The 'Next' Java

Joe Gregorio

I recently read Bruce Tate's Beyond Java in which he explores the idea of which language will rise supreme after Java. He ends up talking a lot about languages like Ruby and Python, and while that's nice to hear someone give these languages their due, I'm left wondering if the question is even valid. That is to say, I'm wondering if the core idea that there was one language which 'won', and the obvious implication that all the other languages 'lost', is true. If it's not true then the whole question of Java 'losing' at some point in the future and some other language 'winning' is just silly.
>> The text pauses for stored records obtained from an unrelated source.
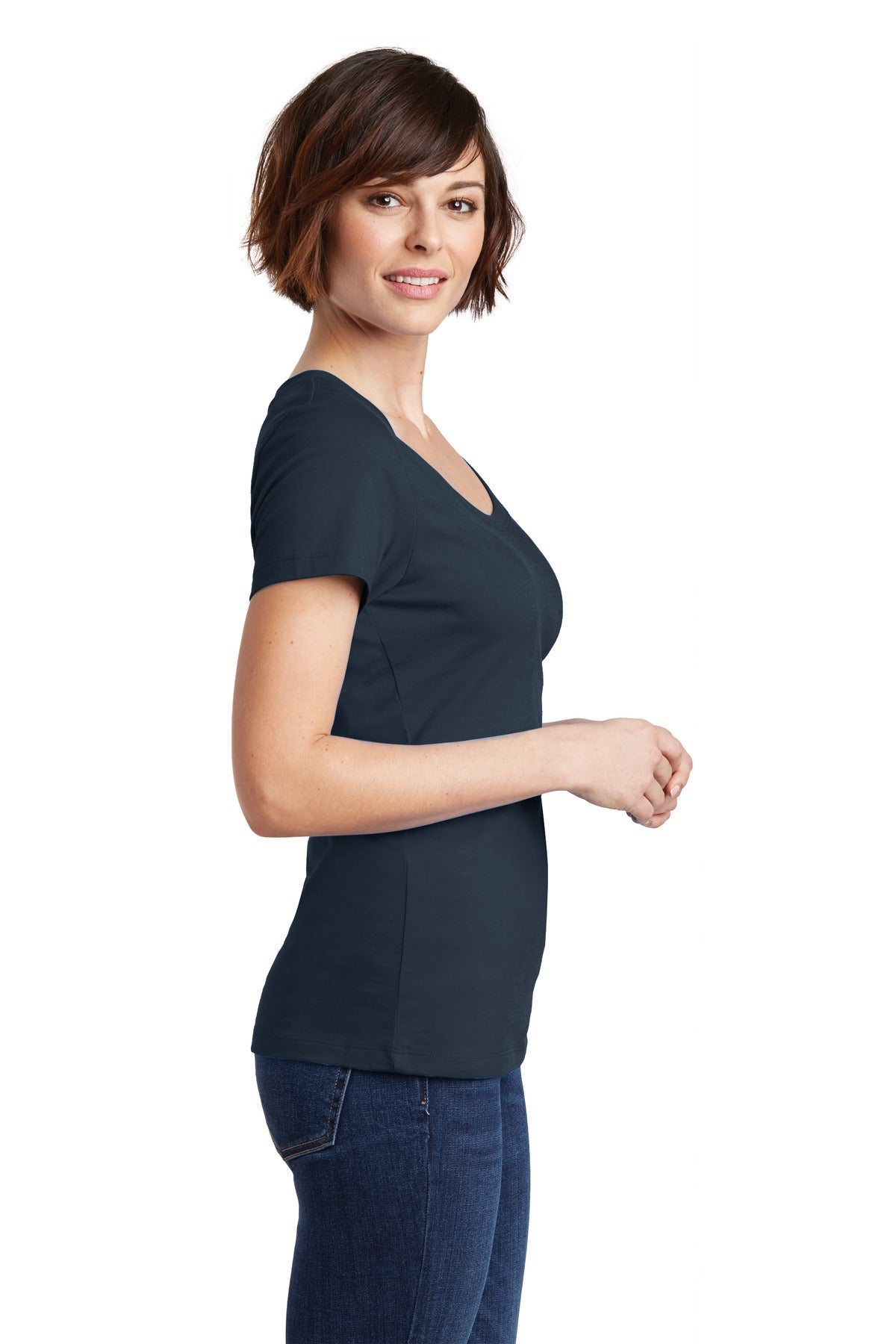 District Women's Perfect Weight Scoop Tee. DM106L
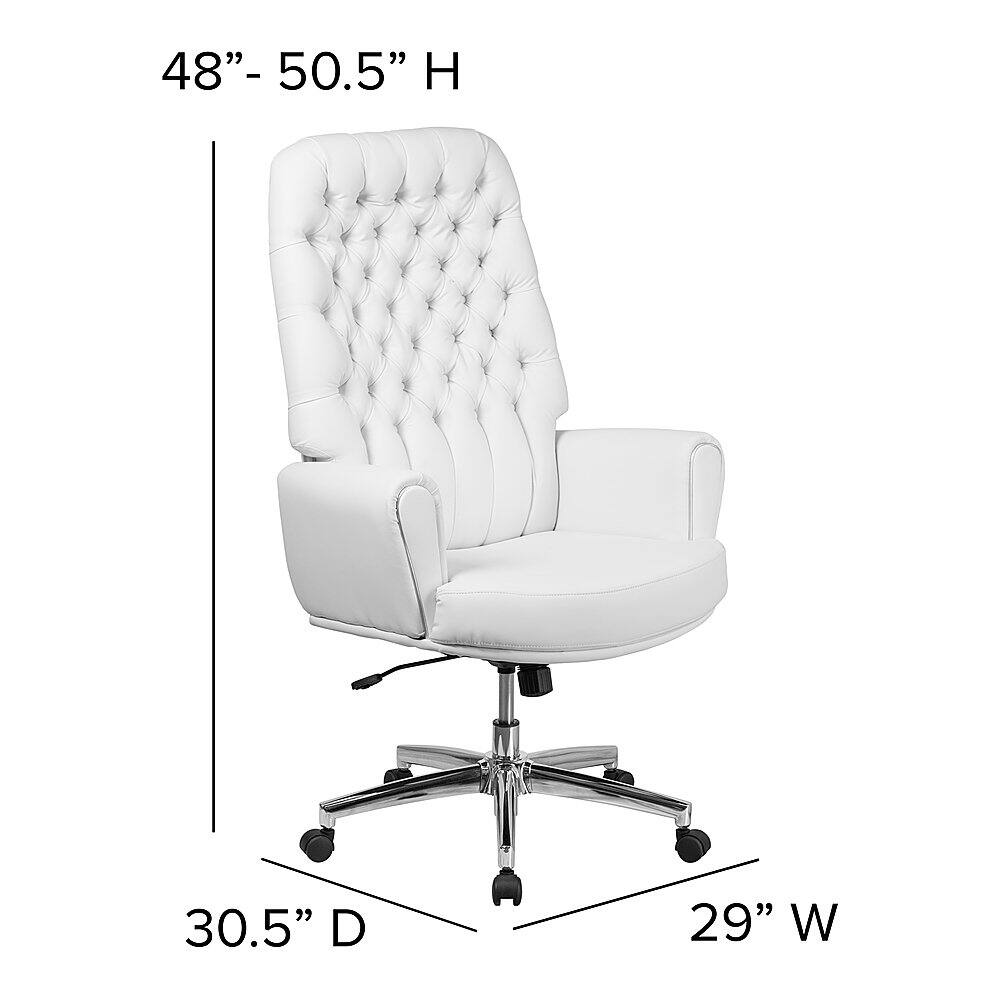 Alt View 13. Alamont Home - Rochelle Traditional Leather/Faux Leather Executive Swivel Office Chair - White.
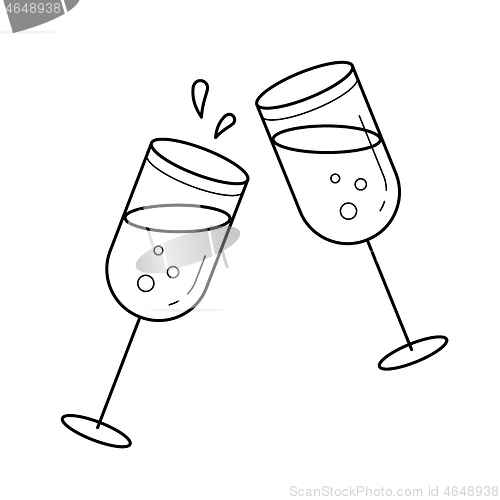 Image of Champagne glasses vector line icon.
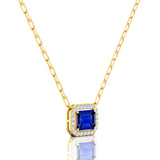 Emerald Cut Blue Sapphire Halo Set Diamond Necklace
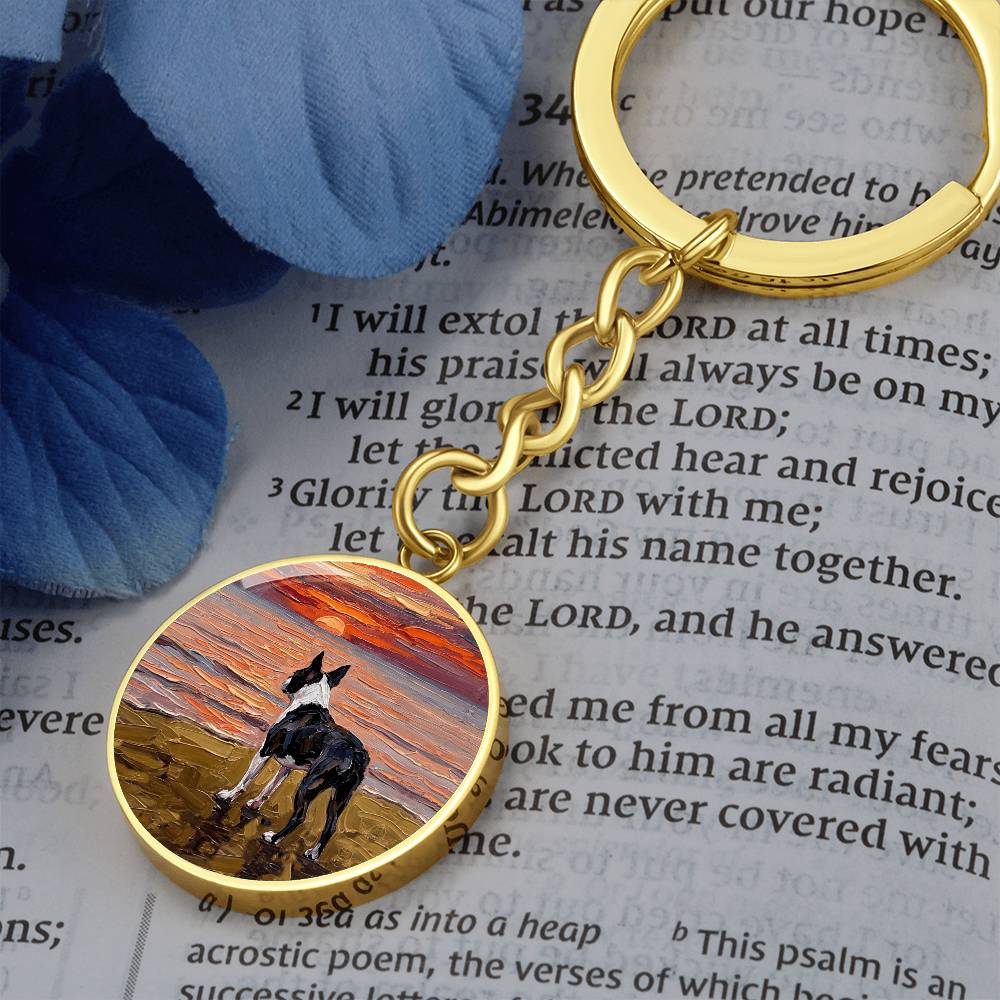 Beach Night - Boston Terrier Round Keychain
I think the real world is a lot more complex, and richer, than that. For example, here are the languages I used to generate my slides for CASCON: Python, HTML, and CSS. Most projects I build with Robaccia include all those languages plus SQL and JavaScript.

Look at TIOBE, which really only measures hype around a language. It doesn't measure lines of code written in that language, programmer hours, or the value of all the products built with that language. The point is that there are lots of metrics by which you can judge a language and TIOBE only tracks popularity, and even then Java barely cracks the 25% mark over the past five years. (We'll leave the great TIOBE "adjustment" of 2004 for a later discussion.)

We don't live in a monolithic world, we never have, and we never will. My prediction isn't that Ruby or Python will be the next 'winner'. My prediction is that we'll see the same thing tomorrow as we see today: a frothing stew of languages competing for niches on an ever growing software landscape.